Let's see how we can use the data generated from the [data pipeline notebook](./data_pipeline.ipynb) to pretrain a model. All we need to do is define the data module based on the generated data and replace it with the mock data module provided by default in the [NeMo LLM recipes](../../../nemo/collections/llm/recipes/__init__.py).

In [None]:
import nemo_run as run
from typing import Optional
import lightning.pytorch as pl
from nemo.collections import llm
from nemo.collections.common.tokenizers import SentencePieceTokenizer

## Define the data module
To define the data module, we can use `llm.PreTrainingDataModule` and pass in the data paths and tokenizer. In case you don't have either of the two, please refer to the [data pipeline notebook](./data_pipeline.ipynb).
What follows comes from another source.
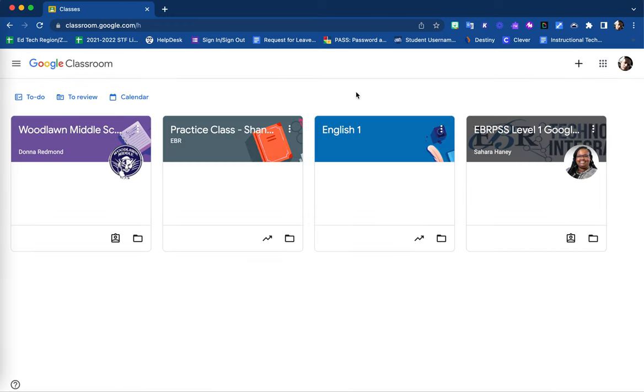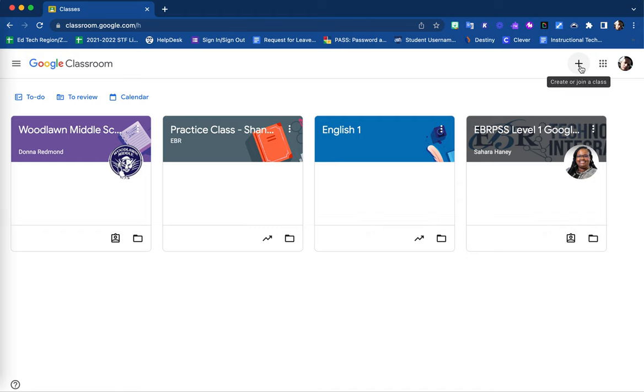Doing so, you'll be brought to your Google Classroom dashboard. Here, you will find all of your classes that you are either the creator and teacher of or a student in as well. In order to create a new Google Classroom, select the plus sign feature in the top right corner. From there, select create class.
You can also look at the definition of the data module for the other parameters supported like `split`, `num_workers`, `index_mapping_dir`, etc.

In [2]:
def slimpajama(
    gbs: int = 256,
    mbs: int = 4,
    seq_length: int = 8192,
) -> run.Config[pl.LightningDataModule]:

    return run.Config(
        llm.PreTrainingDataModule,
        paths=["/data/slimpajama_megatron/concatenated_chunk1.jsonl_text_document"],
        seq_length=seq_length,
        global_batch_size=gbs,
        micro_batch_size=mbs,
        tokenizer=run.Config(SentencePieceTokenizer, model_path="/data/tokenizer/tokenizer.model"),
        split="99,8,2",
        num_workers=2,
        index_mapping_dir="/data/index_mapping",
    )

### Configure the recipe and launch pretraining
Once the data module is defined, you can use an existing recipe and replace the data module as shown below.
To learn more about the recipes, refer to the [quickstart](https://docs.nvidia.com/nemo-framework/user-guide/latest/nemo-2.0/quickstart.html).

In [3]:
def configure_recipe(nodes: int = 1, gpus_per_node: int = 1):
    recipe = llm.llama3_8b.pretrain_recipe(
        dir="/checkpoints/llama-new", # Path to store checkpoints
        name="llama_pretraining",
        num_nodes=nodes,
        num_gpus_per_node=gpus_per_node,
    )

    recipe.model.config.num_layers = 1
    recipe.model.config.hidden_size = 128
    recipe.trainer.max_steps = 30
    recipe.data = slimpajama(
        gbs=32,
        mbs=1,
    )
    recipe.trainer.val_check_interval = 20
    recipe.trainer.strategy.context_parallel_size = 1
    recipe.log.ckpt.save_optim_on_train_end = True
    return recipe

In [4]:
def local_executor_torchrun(nodes: int = 1, devices: int = 1) -> run.LocalExecutor:
    # Env vars for jobs are configured here
    env_vars = {
        "TORCH_NCCL_AVOID_RECORD_STREAMS": "1",
        "NEMO_ENV_VARNAME_TESTING": "1",
        "CUDA_VISIBLE_DEVICES": "0"
    }

    executor = run.LocalExecutor(ntasks_per_node=devices, launcher="torchrun", env_vars=env_vars)
    return executor


In [5]:
def run_pretraining():
    recipe = configure_recipe()
    executor = local_executor_torchrun(nodes=recipe.trainer.num_nodes, devices=recipe.trainer.devices)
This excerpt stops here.